Slashdot Mirror


IBM Wants Patent For Regex SSN Validation

theodp writes "What do you get when you combine IBM contributors with the Dojo Foundation? A patent for Real-Time Validation of Text Input Fields Using Regular Expression Evaluation During Text Entry, assuming the newly-disclosed Big Blue patent application passes muster with the USPTO. IBM explains that the invention of four IBMers addresses a 'persistent problem that plagues Web form fields' — e.g., 'a social security number can be entered with or without dashes.' A non-legalese description of IBM's patent-pending invention can be found in The Official Dojo Documentation. While IBM has formed a Strategic Partnership With the Dojo Foundation which may protect one from a patent infringement lawsuit over validating phone numbers, concerns have been voiced over an exception clause in IBM's open source pledge."

9 of 281 comments (clear)

  1. Prior Art so Prior It Hurts by eldavojohn · · Score: 5, Informative
    Application Patent Date: November 20, 2007
    Online Prior Art at the Regex Library from 2004:

    ^(?!000)([0-6]\d{2}|7([0-6]\d|7[012]))([ -]?)(?!00)\d\d\3(?!0000)\d{4}$

    Put that into your favorite Javascript regular expression object and write a stupid onChange reference to it in your HTML and ... tada! Too complicated? Here's some more prior art. Or here. A little bit of Googling must be too much for the USPTO.

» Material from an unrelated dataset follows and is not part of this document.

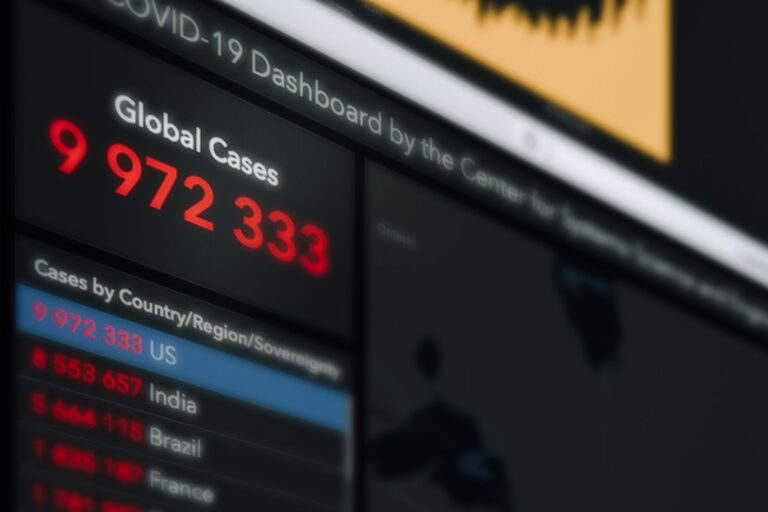 FinOps dla AI: jak monitorować ukryte koszty tokenów, cache’owania i baz wektorowych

    Are we suddenly shocked to discover one line of code can be patented when a whole mess of code can be patented?

    --
    My work here is dung.
    1. Re:Prior Art so Prior It Hurts by Rei · · Score: 5, Informative

      The amazing part is that IBM is wasting this kind of money applying for a patent that has no chance of standing up in court, if they're even dumb enough to grant it in the first place. I'm in the process of applying for a software patent myself (I know, summon the chorus of boos; but having it could be the difference between being able to raise VC and not being able to raise VC for my starting business; loans, too, are often secured against your IP). These things don't come cheap -- mostly in terms of legal costs. As in a $5k retainer, $5-10k total for a single patent, more if it takes multiple patents to ensure sufficient protection, and if you want international protection, it can go up to $100k or so. Also, from discussions with my attorney, it's really hard to get away with the "bloody obvious" software patents anymore after all of the blowback from things like the Amazon 1-click patent.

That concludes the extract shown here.